═════ Given information

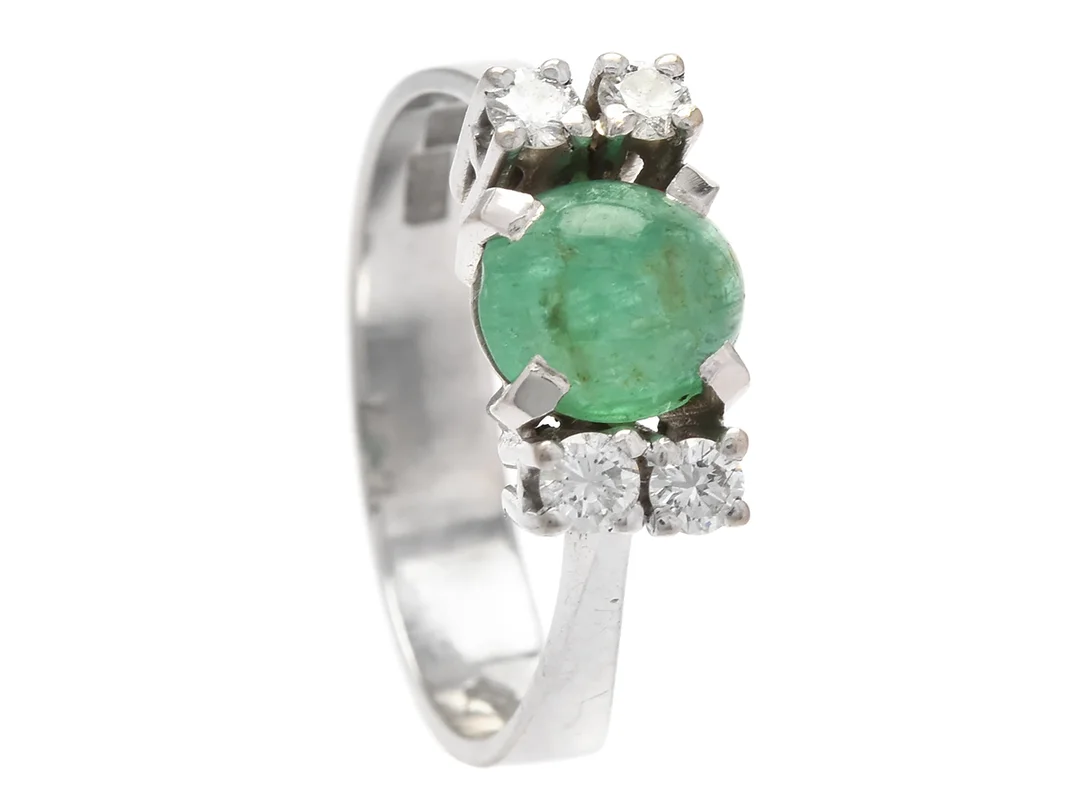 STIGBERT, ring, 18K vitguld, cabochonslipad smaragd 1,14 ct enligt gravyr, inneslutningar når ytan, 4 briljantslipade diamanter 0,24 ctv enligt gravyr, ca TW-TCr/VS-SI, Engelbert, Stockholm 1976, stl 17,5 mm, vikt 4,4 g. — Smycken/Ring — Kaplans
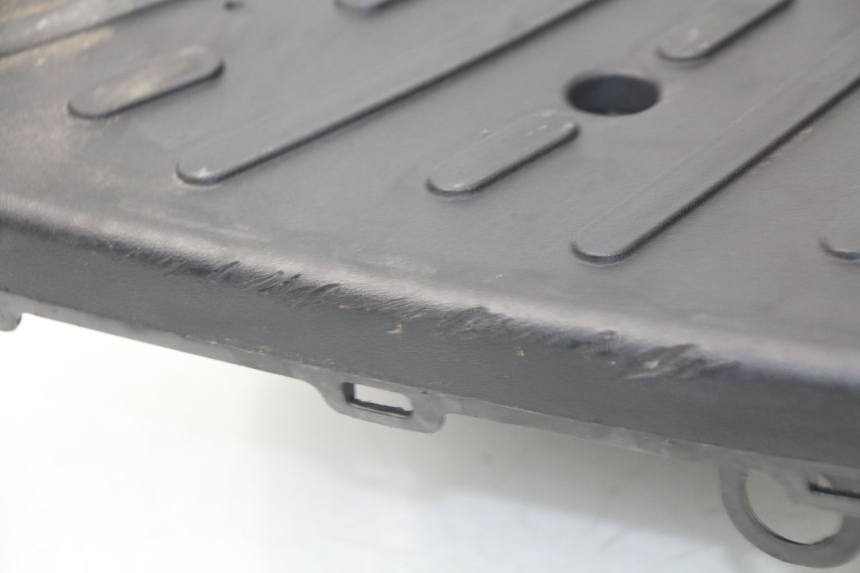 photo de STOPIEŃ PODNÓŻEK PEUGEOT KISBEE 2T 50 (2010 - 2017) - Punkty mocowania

══════════
═════ Given information

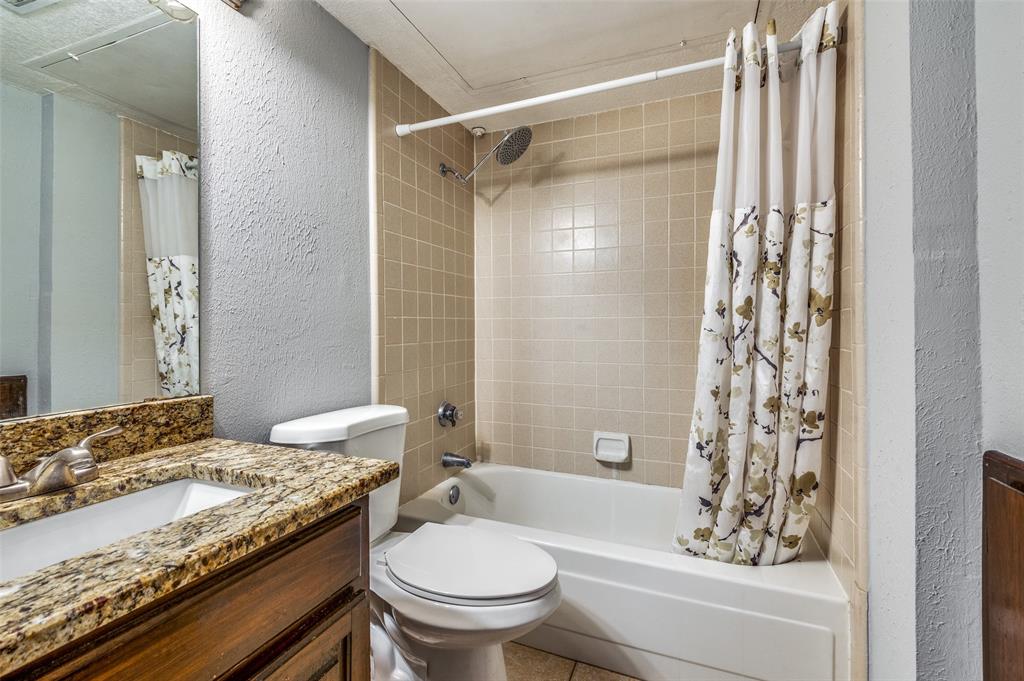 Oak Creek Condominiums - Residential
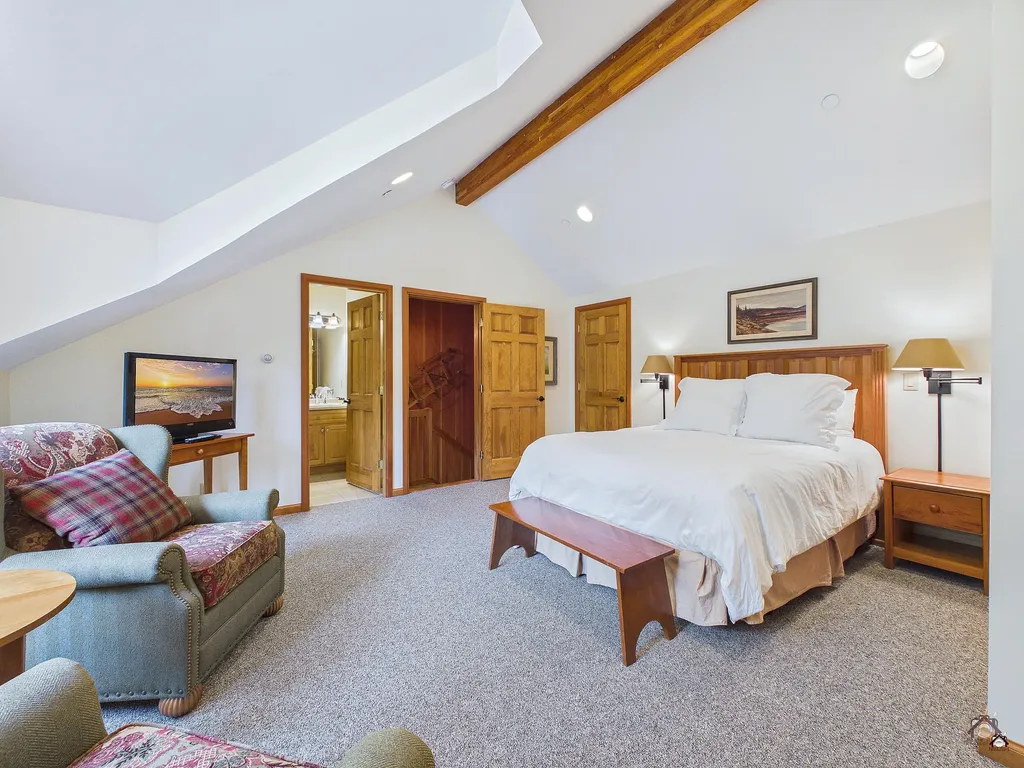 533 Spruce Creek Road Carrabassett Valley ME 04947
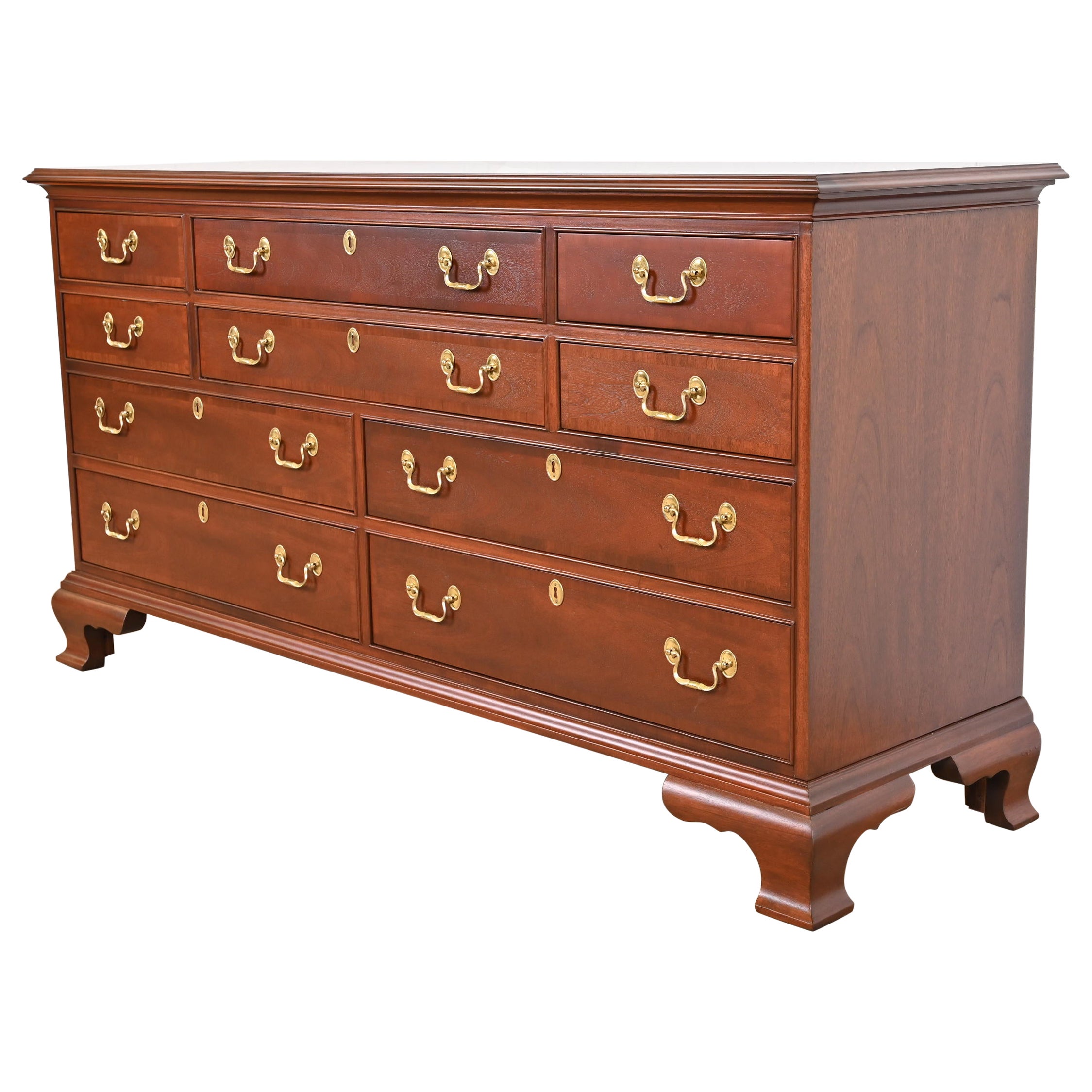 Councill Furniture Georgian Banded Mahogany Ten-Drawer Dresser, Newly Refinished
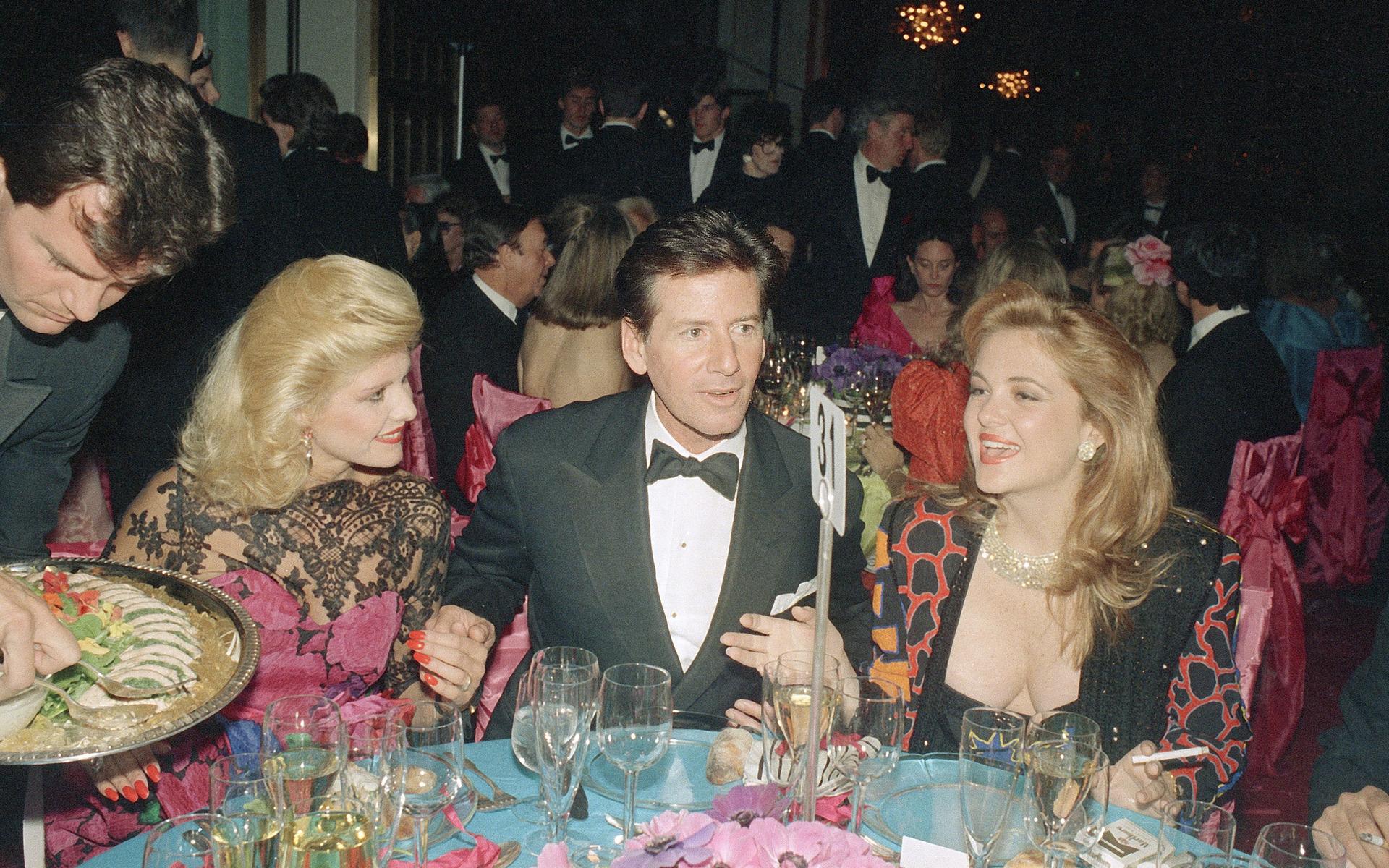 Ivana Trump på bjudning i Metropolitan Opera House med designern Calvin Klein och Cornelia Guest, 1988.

══════════

_Prompt_: Above are the records. Copy only the lines from the one with "STIGBERT, ring, 18K" through the one with "photo de STOPIEŃ", exactly, with no pictures.

_Answer to this exercise_:
 STIGBERT, ring, 18K vitguld, cabochonslipad smaragd 1,14 ct enligt gravyr, inneslutningar når ytan, 4 briljantslipade diamanter 0,24 ctv enligt gravyr, ca TW-TCr/VS-SI, Engelbert, Stockholm 1976, stl 17,5 mm, vikt 4,4 g. — Smycken/Ring — Kaplans
 photo de STOPIEŃ PODNÓŻEK PEUGEOT KISBEE 2T 50 (2010 - 2017) - Punkty mocowania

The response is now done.